Estes homens nos quais as virtudes existem e prosperam sem necessitar de atribuições materiais, ou mesmo de aplausos, tampouco necessitam de grandes ações para demonstrar sua grandeza. Ela existe e é percebida sem esforços, manifestando externamente a maneira como são dotados de um potencial além do agradável, o potencial do sublime, relacionado a grandeza desde seus próprios objetos: as sensações ou impressões que revelam uma grandiosidade inesperada, uma cadeia de sentimentos que dizem respeito a algo grande o suficiente ao ponto de escapar a definições. Esta designação de tamanho diz respeito ao que provoca, as consequências do sublime: enfraquecimentos na relação estável que há entre o inteligível e o sensível, que fogem de qualquer uma das faculdades mentais. A grandeza espiritual, desta forma, reflete-se nesta sabedoria, que é sublime. E em sua manifestação ao que há em redor: a grandeza espiritual coloca a pequenez do indivíduo diante da grandeza do universo sem explicitar suas razões.

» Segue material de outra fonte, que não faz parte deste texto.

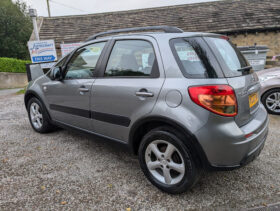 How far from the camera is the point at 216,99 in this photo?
1.94m

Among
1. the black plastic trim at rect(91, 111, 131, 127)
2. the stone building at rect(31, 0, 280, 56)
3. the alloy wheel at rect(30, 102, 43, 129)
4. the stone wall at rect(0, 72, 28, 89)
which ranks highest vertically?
the stone building at rect(31, 0, 280, 56)

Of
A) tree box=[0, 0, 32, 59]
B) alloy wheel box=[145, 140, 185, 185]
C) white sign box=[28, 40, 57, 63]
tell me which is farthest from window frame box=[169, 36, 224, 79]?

“O sublime, diz Longino, muitas vezes não é nada mais que o eco ou imagem da grandeza espiritual, e quando essa qualidade se manifesta em alguém, mesmo que nenhuma sílaba seja enunciada, ela excita nosso aplauso e admiração”, o sublime é então, deste modo, uma reflexo sensível da virtude que é despretensiosa, mas consciente em sua grandeza, e que é capaz de atingir o inteligível de maneira a confirmar sua existência: existe uma sensação gerada a partir de uma ação ou de alguém, que sem explicações causa um sentimento de aprovação e admiração superior a outros casos, mesmo os mais semelhantes; que não encontra explicações óbvias e que só pode referir-se a algo muito mais complexo.
Uma sensação proporcionada pelos sábios, despreocupada e, justamente por isso, de verdadeira relevância e intensidade, ainda que de fundamentos ininteligíveis, e que fazem paralelo aos conceitos estéticos de Kant, onde belas são as coisas que encantam, e sublimes são aquelas que comovem. Belas seriam todas as virtudes, em sua genuinidade e utilidade pública, de compreensão passível dos olhares dos homens e do mais simples raciocínio. Sublimes seriam as virtudes perceptíveis apenas por um sentido além dos juízos morais ou dos sentidos fundamentais humanos, a partir de uma qualidade, a grandeza, presente naqueles que dela são dotados. Sublime talvez diga respeito a uma vocação, que independe de fatores externos para prosperar, tal como estas “belezas naturalmente talhadas para despertar sentimentos agradáveis liberam imediatamente as suas energias, e enquanto durar o mundo, elas conservarão sua autoridade sobre a mente dos homens”.